Note sur les seigneurs shogounaux Nguyên et la dynastie royale des Nguyên (Suite et fin)

La dynastie des Nguyên comprend 2 périodes : celle de l'indépendance nationale (1802-1883) et celle du protectorat français (1883-1945).

Quatre rois règnent pendant la première période. Gia Long, alias Nguyên Anh (1802-1820), Minh Mang (1820-1841), Thiêu Tri (1841-1847) et Tu Duc (1847-1883). À ces souverains revient le mérite d'avoir réunifié le pays et d'en faire une nation stable et assez puissante dans le Sud-Est asiatique.

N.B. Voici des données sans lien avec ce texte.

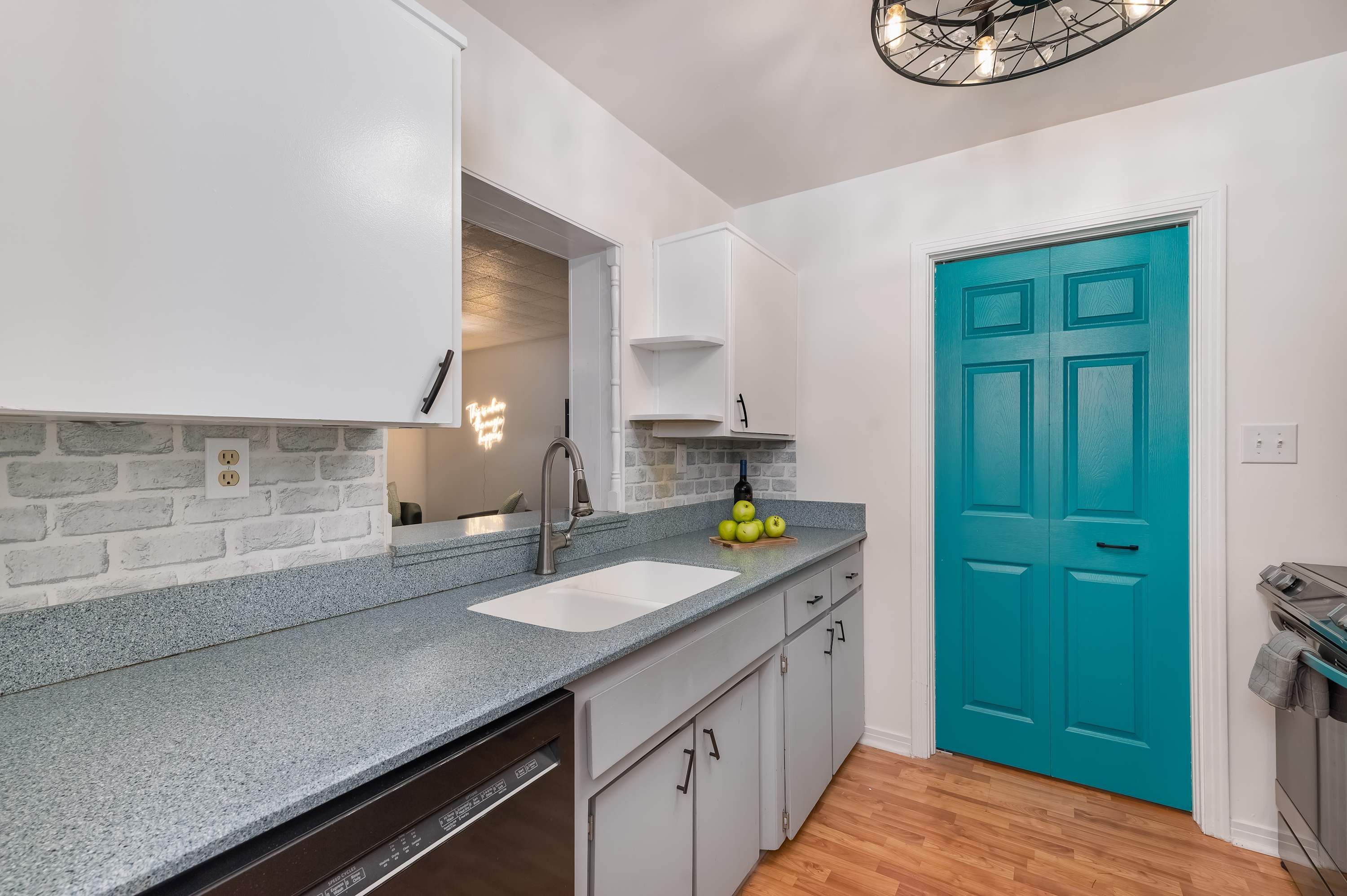Sunny 4BR getaway with private pool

Mais leurs règnes sont marqués par l'absolutisme et l'immobilisme. Pour prévenir les révoltes du type Tây Son qui avait failli annihiler le clan seigneurial des Nguyên, la nouvelle dynastie adopte une centralisation rigoureuse selon le modèle de l'empire chinois, faisant du confucianisme conservateur comme une doctrine d'État. La seule voie d'accès à la fonction publique est le concours littéraire confucianisé. Le code Gia Long remplace l'ancien code Hông Duc (15e siècle) d'esprit plus libéral. Pour consolider le nouvel ordre, les Nguyên réglementent l'éducation, font composer des annales, des géographies, un répertoire des règlements administratifs, constituant un corpus culturel de valeur. Grands bâtisseurs, les Nguyên font de la capitale Huê avec sa citadelle, ses palais, ses tombeaux royaux, ses temples et ses pagodes une cité de poésie au bord de la rivière des Parfums. Mais que de souffrance physique et morale, de sueur et de sang, le peuple a dû contribuer pour le prestige royal. Le régime repose sur le labeur des paysans sur lesquels pèse le fardeau de l'impôt et de la corvée, sans parler de la tyrannie des notables et des mandarins, ce qui explique la fréquence des révoltes, en moyenne 7 par an.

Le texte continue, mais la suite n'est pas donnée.